Reich et al had about 100,000 SNPs in common with 23andme (v2 & v3 intersection) and 137,000 with FTDNA, but there was not a great overlap. Only 59,000 Reich et al SNPs were present in all three platforms. Since I really wanted Reich et al data in Reference 3, I included it but the SNPs used for FTDNA comparisons won't be the same as for the 23andme comparisons.

Of the datasets I could not include, I am most disappointed about the Pan-Asian dataset since it has a good coverage of South and Southeast Asia. Unfortunately, it has only 19,000 SNPs in common with 23andme v2 and 23,000 with 23andme v3. I am going to have to do some analyses with the Pan-Asian data but it just can't be included in my Reference 3.

I am also interested in doing some analysis with the Henn et al African data with about 52,000 SNPs for personal reasons.
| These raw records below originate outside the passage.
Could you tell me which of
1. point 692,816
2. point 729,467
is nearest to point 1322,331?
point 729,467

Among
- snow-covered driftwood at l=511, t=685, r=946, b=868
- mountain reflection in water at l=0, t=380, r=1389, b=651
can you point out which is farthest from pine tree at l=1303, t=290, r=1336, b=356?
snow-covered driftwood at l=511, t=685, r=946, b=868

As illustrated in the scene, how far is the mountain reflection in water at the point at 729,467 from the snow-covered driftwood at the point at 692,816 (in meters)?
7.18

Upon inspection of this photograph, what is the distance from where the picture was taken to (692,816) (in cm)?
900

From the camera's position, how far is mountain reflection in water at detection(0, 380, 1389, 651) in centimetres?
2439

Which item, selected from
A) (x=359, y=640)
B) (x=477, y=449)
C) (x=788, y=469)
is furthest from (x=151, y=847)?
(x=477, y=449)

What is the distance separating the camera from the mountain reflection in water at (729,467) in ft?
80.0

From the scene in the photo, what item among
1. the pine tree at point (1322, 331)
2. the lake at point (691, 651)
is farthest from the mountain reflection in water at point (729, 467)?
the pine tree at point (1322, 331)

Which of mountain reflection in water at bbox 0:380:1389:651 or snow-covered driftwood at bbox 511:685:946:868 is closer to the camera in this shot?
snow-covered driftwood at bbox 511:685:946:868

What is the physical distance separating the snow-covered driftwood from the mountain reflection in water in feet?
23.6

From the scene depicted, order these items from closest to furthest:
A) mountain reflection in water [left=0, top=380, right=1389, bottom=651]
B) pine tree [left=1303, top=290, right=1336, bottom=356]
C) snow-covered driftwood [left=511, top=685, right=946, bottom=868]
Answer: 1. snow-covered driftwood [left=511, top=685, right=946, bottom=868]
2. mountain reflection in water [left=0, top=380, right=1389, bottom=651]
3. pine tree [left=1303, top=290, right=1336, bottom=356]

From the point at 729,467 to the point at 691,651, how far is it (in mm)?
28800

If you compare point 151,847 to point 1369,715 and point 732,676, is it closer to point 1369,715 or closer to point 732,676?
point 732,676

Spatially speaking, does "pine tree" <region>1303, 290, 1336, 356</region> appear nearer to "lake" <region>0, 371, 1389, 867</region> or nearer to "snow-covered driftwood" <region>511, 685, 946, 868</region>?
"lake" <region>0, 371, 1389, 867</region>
Xing et al has about 71,000 SNPs in common with 23andme v3, so some good work could be done with that, though I'll have to use only 23andme version 3 participants.
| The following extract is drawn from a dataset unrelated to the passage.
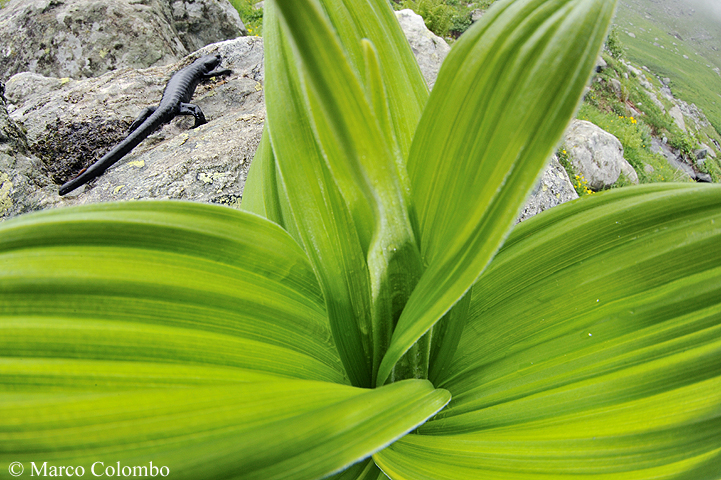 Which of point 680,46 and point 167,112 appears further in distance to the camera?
point 680,46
The information about the populations included in Reference 3 is in a spreadsheet as usual.

Reich et al Duplicates

As part of my effort to create one big reference dataset for my use, I have been going over all the datasets I have and make sure there's no duplicates or relatives or any other strange things that could cause issues with my analysis.

So I went back to the Reich et al Indian dataset.

The dataset doesn't have any duplicate or likely relative samples itself. However, there are two Kharia samples that are the same as the Austroasiatic dataset. Since Austroasiatic dataset has more SNPs in common with 23andme, I removed these two samples from Reich et al.

The IBS/IBS analysis and the sample IDs are in a spreadsheet as usual.

Austroasiatic Dataset Duplicates

As part of my effort to create one big reference dataset for my use, I have been going over all the datasets I have and make sure there's no duplicates or relatives or any other strange things that could cause issues with my analysis.

So I went back to the Chaubey et al Austroasiatic Indians dataset.

The dataset doesn't have any duplicate or likely relative samples itself. Of course, I had to remove the 632 HGDP samples it had, but that's easy to do since they have the same IDs (starting with HGDP).

As their paper mentions, the dataset also has 19 Dravidian speaking Indian samples from Behar et al. Since I got Behar et al data from the GEO site, I had different IDs for them than what they use in this dataset. So I had to figure out which samples were the same in both. The IBS/IBD results of duplicates as well as the list of sample IDs I removed is given in a spreadsheet.

Checking this out resolved an issue I had with Behar et al. Behar et al has 4 Paniya samples from South India. One of those four has admixture proportions similar to Indians but three seem very East Asian. I had always suspected that those three samples were mislabeled. Now the Austroasiatic dataset also has those four Paniya samples. However, only one of them is identical to the Behar et al one. The other three are different. I haven't checked yet which one of the Behar samples matches Austroasiatic, but my guess is that it is the more Indian admixture one. So I am keeping the other three Paniya samples from the Austroasiatic dataset and hoping that they are the correct ones.

Austroasiatic Dataset

Razib pointed out the paper "Population Genetic Structure in Indian Austroasiatic speakers: The Role of Landscape Barriers and Sex-specific Admixture" by Gyaneshwer Chaubey, Mait Metspalu, Ying Choi, Reedik Mägi, Irene Gallego Romero, Pedro Soares, Mannis van Oven, Doron M. Behar, Siiri Rootsi, Georgi Hudjashov, Chandana Basu Mallick, Monika Karmin, Mari Nelis, Jüri Parik, Alla Goverdhana Reddy, Ene Metspalu, George van Driem, Yali Xue, Chris Tyler-Smith, Kumarasamy Thangaraj, Lalji Singh, Maido Remm, Martin B. Richards, Marta Mirazon Lahr, Manfred Kayser, Richard Villems and Toomas Kivisild to me 36 hours ago. And I have their dataset now.

I have been told that the data will hopefully be in the NCBI GEO database soon.

There are a total of 41 samples with 527,319 SNPs in the data. There are Bonda, Savara, Juang and Gadaba from Orissa; Santhal and Asur from Jharkand; Kharia from Chattishgarh; Ho from Bihar; Khasi and Garo from Meghalaya; and some (15) Burmese.

PS. I have created a separate page for references where I link to the papers which led to the datasets I am using.